------ SOURCE MATERIAL
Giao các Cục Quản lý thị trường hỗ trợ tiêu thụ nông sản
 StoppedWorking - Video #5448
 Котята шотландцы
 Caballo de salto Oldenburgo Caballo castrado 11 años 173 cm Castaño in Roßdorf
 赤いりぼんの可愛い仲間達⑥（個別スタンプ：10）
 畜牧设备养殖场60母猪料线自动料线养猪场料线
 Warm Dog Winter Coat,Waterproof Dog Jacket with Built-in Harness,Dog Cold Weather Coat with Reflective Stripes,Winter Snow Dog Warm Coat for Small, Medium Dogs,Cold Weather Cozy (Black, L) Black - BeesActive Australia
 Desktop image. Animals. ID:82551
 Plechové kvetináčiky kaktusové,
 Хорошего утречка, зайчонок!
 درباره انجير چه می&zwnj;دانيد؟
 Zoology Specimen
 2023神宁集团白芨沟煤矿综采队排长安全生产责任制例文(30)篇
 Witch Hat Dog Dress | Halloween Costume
------------
## PROBLEM
Your reply must be the entries above, returned word for word.

## TASK OUTPUT
Giao các Cục Quản lý thị trường hỗ trợ tiêu thụ nông sản
 StoppedWorking - Video #5448
 Котята шотландцы
 Caballo de salto Oldenburgo Caballo castrado 11 años 173 cm Castaño in Roßdorf
 赤いりぼんの可愛い仲間達⑥（個別スタンプ：10）
 畜牧设备养殖场60母猪料线自动料线养猪场料线
 Warm Dog Winter Coat,Waterproof Dog Jacket with Built-in Harness,Dog Cold Weather Coat with Reflective Stripes,Winter Snow Dog Warm Coat for Small, Medium Dogs,Cold Weather Cozy (Black, L) Black - BeesActive Australia
 Desktop image. Animals. ID:82551
 Plechové kvetináčiky kaktusové,
 Хорошего утречка, зайчонок!
 درباره انجير چه می&zwnj;دانيد؟
 Zoology Specimen
 2023神宁集团白芨沟煤矿综采队排长安全生产责任制例文(30)篇
 Witch Hat Dog Dress | Halloween Costume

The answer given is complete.